Oleh: Sinta Alfila
Suara USU, Medan. Belakangan ini media sosial dipenuhi dengan julukan anak skena. Beberapa orang menjadi tertarik berkomentar mengenai istilah tersebut, namun tidak sedikit orang juga yang mempertanyakan apa itu skena. Buat kalian yang belum tahu apa itu skena, bisa simak pembahasan dibawah ini ya.
Skena tidak masuk ke dalam Kamus Besar Bahasa Indonesia (KBBI). Skena adalah padanan kata tak resmi untuk scene dalam bahasa inggris, kurang lebih ditujukan kepada sebuah komunitas. Namun mengutip dalam bahasa gaul, skena adalah singkatan dari tiga kata yaitu sua, cengkrama, dan kelana. Singkatnya, skena merujuk pada sebuah perkumpulan kolektif penyuka musik yang bisa menciptakan suasana untuk bercengkerama hingga berkelana bersama saat berkumpul. Misalnya, jika perkumpulan tersebut adalah penggemar musik punk, maka mereka dapat disebut “Skena Punk”.
Fenomena skena ini bukanlah hal yang buruk. Terlepas dari kontroversinya, skena merupakan perkumpulan kolektif yang tentunya dapat meningkatkan pengetahuan akan dunia musik dan menciptakan ruang bagi orang-orang dengan minat musik yang sama untuk saling berbagi dan tumbuh bersama lewat musik.
Hanya saja akhir-akhir ini opini publik mengenai skena kian meluas yang menyebabkan skena dipandang negatif oleh sebagian orang. Skena kerap dianggap sebagai sekelompok perkumpulan penggemar musik yang sibuk kritik di kalangan penikmat musik lainnya, hal ini yang membuat skena kerap dipandang tidak baik oleh sebagian orang.
Bahkan beberapa tahun terakhir, musik yang dianggap “indie” telah menjadi tren di kalangan masyarakat. Pendengar musik indie dianggap lebih keren dibandingkan dengan pendengar musik biasa, hal ini menjadi pemicu perbincangan di media sosial menjadi istilah pemuja terhadap musik indie, sementara musik populer dianggap sebagai pilihan yang biasa saja atau kurang keren bagi mereka yang bukan penikmatnya.
Beberapa musisi yang dianggap masuk dalam radar favorit “skena” antara lain Danilla, Fourtwnty, Float, Coldiac, Mocca, dan berbagai musisi lainnya. Orang-orang yang merasa “paling mengerti” tentang musik ini sering disebut sebagai “polisi skena”. Mereka menggunakan istilah ini karena mereka cenderung mengawasi percakapan tentang musik di media sosial dan memberikan teguran ketika musik yang dibicarakan dianggap tidak sesuai dengan definisi musik keren menurut pandangan mereka.

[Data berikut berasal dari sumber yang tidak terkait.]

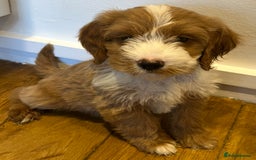 Cockapoo dogs for sale: F1 cockapoo puppies  in Esher - Image 8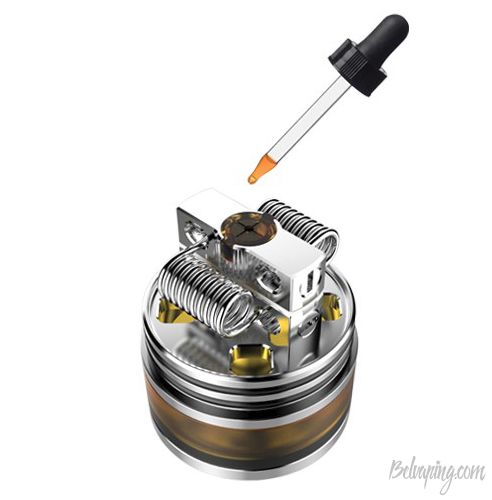 Oumier_Maximus_Max_RDTA_6.jpg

Sebenarnya sah-sah saja sebagai penikmat musik mengkritik sebuah musik dengan opininya masing-masing, hanya saja tidak untuk menjelekkan bahkan menjatuhkan pendengar musik lain hanya karena tidak satu selera dengan kita. Semua bebas memilih genre musiknya masing-masing dan mau berada di skena mana itu juga pilihan masing-masing dan tidak perlu saling menjatuhkan.
Itulah pembahasan mengenai skena dan kontroversinya, setelah membaca artikel ini, Sobat Suara USU masuk ke skena yang mana nih?